Cup and Cross tells the story of the Anabaptist movement. The author, Michael Martin, does an excellent job in differentiating between what he calls the faithful Anabaptists and the fringe Anabaptists. While the faithful are the true Anabaptists, the fringe element simply used some Anabaptist principles to advance their bizarre and destructive ends. Sadly, the fanatics have given the term "Anabaptist" a negative connotation.
The faithful in the movement took the Reformers' insistence on scriptural authority to its logical end point. They did not simply apply the bible to salvation but also to all of church life. This got the Anabaptists in hot water with basically everyone in positions of power in that society.
Cup and Cross is divided into two primary sections. First, Martin details Anabaptist history, focusing on the Swiss Brethren, Dutch Anabaptists, and the Hutterites. In part two, the author looks at Anabaptist beliefs. These include sections on scripture, the church, discipleship, and the state.
The only negative to this book is that the author makes some statements that call into question whether or not anyone outside of Anabaptism is actually part of the real church.
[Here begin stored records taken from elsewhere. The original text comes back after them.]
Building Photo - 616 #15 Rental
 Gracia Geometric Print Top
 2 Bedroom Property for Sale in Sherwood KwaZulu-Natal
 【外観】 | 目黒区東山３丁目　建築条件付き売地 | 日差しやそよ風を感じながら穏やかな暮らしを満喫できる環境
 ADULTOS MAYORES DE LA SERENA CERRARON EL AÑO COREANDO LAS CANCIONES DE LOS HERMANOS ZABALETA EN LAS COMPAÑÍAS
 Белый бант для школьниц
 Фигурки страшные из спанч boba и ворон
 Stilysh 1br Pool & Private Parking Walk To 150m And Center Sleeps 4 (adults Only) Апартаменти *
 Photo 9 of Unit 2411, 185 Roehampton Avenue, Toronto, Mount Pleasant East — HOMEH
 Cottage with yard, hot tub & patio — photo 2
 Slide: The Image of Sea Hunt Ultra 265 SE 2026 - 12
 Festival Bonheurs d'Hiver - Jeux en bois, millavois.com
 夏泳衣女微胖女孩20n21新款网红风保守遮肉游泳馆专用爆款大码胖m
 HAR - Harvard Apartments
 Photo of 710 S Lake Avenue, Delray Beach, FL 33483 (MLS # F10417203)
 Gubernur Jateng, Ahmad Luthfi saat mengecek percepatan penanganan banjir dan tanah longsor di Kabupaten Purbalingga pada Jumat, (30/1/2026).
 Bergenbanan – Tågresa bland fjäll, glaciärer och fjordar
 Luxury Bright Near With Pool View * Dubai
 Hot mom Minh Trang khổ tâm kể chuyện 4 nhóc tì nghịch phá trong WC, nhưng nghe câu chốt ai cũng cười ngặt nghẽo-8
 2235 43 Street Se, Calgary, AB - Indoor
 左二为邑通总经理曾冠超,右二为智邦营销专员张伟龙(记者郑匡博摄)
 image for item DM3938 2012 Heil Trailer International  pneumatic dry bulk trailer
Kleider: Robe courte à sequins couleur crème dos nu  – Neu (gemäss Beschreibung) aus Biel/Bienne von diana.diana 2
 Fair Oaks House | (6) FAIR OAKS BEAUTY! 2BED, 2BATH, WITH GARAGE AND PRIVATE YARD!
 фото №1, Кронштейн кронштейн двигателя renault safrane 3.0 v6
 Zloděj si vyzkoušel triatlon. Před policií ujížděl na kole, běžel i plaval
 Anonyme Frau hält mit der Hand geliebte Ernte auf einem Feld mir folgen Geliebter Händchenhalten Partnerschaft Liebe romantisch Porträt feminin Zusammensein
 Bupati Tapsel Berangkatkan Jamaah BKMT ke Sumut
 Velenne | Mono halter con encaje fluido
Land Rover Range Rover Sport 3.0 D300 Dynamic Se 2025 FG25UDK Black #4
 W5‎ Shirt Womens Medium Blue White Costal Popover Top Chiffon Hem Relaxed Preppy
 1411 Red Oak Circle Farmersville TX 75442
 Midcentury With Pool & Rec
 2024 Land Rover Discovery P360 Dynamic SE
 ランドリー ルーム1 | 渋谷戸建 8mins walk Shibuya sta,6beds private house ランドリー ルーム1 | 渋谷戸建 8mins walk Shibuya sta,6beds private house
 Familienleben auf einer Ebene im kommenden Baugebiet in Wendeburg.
He doesn't makes these statements about today but rather about the situation in Europe during the 1500s.
The Anabaptists are one of those groups that make us uncomfortable. The reason is that they lived out what they said they believed. Even in the face of immense persecution, they stuck to scripture for salvation, the church, the state, etc. They were not perfect, but they also did not shrink back in the face of great opposition.